幻影 その日、フィガロは珍しくファウストへの晩酌の誘いに成功した。ネロからファウストの気に入りそうな酒を聞き出し、節度ある距離感でしばらく接し、発言にも充分に気をつけた。そうしてようやく、ようやくその切符を手に入れたのだ。
軽食と共に部屋にやってきたファウストは、部屋に用意された丸いテーブルにバスケットを置く。中には酒のつまみになりそうな料理が小分けにつめられており、フィガロは感嘆の声をもらす。
「ははっ、どれも美味しそうだね。ありがとう、ファウスト」
「……礼ならネロに言ってくれ。ぼくは渡されたものを持ってきただけだ」
帽子をつばを下げるファウストに、フィガロはゆるゆると首を振る。どうやら同じ国の彼とはずいぶんと仲が良いらしい。小さな寂しさをフィガロは笑顔で飲み込む。
そうして、お互い妙に緊張しながらも今夜の晩酌ははじまった。
ファウストは飲んだ。失言を恐れ普段より話さないフィガロと、もともと口数が少ないファウストではどうしても無言の時間ができてしまう。そんな妙な間を埋めるべく、ファウストはグラスを手に取り、酒はどんどんと減っていった。
しばらくすると、彼はふわふわと笑うようになった。滑舌が少し弱くなり、妙に素直になる。話の途中でうつらうつらとすることも時間と共に増えてきた。
お開きにしようか、その言葉を言えたらどれだけよかっただろう。しかし、苦労して手に入れたこの機会をフィガロはみすみすに手放したくなかった。あと少し、あと少しが知らず知らずのうちに重なっていく。
残り少ないボトルの酒を注いだファウストは、眠たげに眼を擦る。丸いサングラスはいつの間にか外していたようで、テーブルの隅にちょこんと置かれていた。
「まえに、」
酔っ払い特有の座った目で、ファウストはフィガロを見る。こっそりと自分の酒を水に変えていたフィガロは、誤魔化すように微笑んだ。
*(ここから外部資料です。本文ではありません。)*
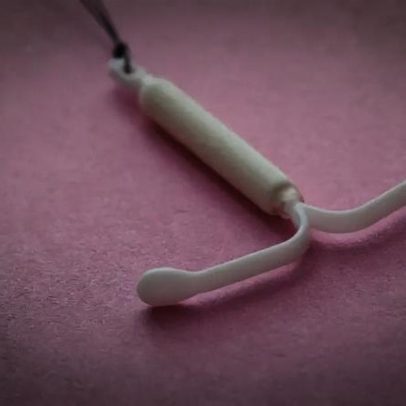 Desmistificando o DIU, o que é, como funciona e possíveis efeitos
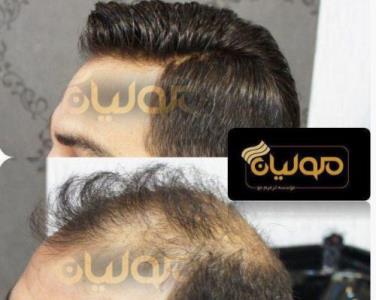 ترمیم مو بصورت تار به تار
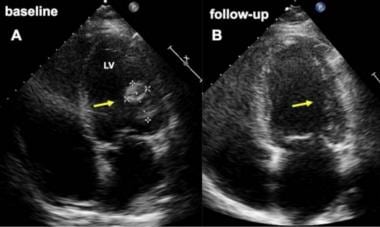 Pericardial cardiomyopathy. Baseline (A) and follo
ファウストは背もたれに背中をつけ、ぼんやりと宙を見つめる。酔いが回った人特有の長い溜めの時間のあと、彼はゆっくりと口を開いた。
「おまえを呪ってほしいと、言われたことがあった」
「へえ?」
意外だった。思い当たる節はたくさんありすぎて分からないが、呪い返しのリスクを考えないとんだ命知らずなのだろう。顔が見てみたいものだ。
「言わないぞ」
「ははっ、何も言ってないって。それで、おれのこと、呪ってみた?」
ファウストは分かりやすく不機嫌な顔をしながら、しっかりとした手つきでグラスを口に運ぶ。いつもよりも幼げな表情は、ひそめた眉の奥ではどこか寂しそうで、悲しそうにも見えた。
「呪うわけないだろう。だって、あなたは……」
ゆるゆると首を振るファウストはふぁ、と大きなあくびをする。眠たげなその仕草に、フィガロはピクリと眉を動かす。
ファウストはそのまま腕を組み、背もたれにもたれながら項垂れる。そして、ゆっくりと目を閉じた。
「え、うそ、寝ちゃった……?」
フィガロが立ち上がるが、目の前の彼は小さな寝息を立てるだけだ。顔にかかったふわふわの髪の毛がさらりと頬から離れていく。一人残されたフィガロは、分かりやすくため息を吐いた。
瞬間、茶と緑の素朴な空間に、熱さを感じない炎が部屋中に広がっていく。赤と黄と白、そして黒の景色の先には、いつの間にか現れた銀髪の青年が恨めしげにこちらを見つめていた。
「ねえ、そんな目で見ないでよ」
幻影に話しかけても、何も変わらない。途端にどこか虚しくなり、フィガロは先ほどよりも大きなため息を吐いた。
向けられた視線は自分へではない。そのはずなのに、やけにざわざわと心が揺さぶられるのだ。
景色は次第に明瞭になり、かつてのファウストの仲間やレノックス、それにフィガロの姿も浮かび上がってくる。
「あぁ……」
自分とそっくりな幻影に安堵する自分が、フィガロは堪らなく嫌だった。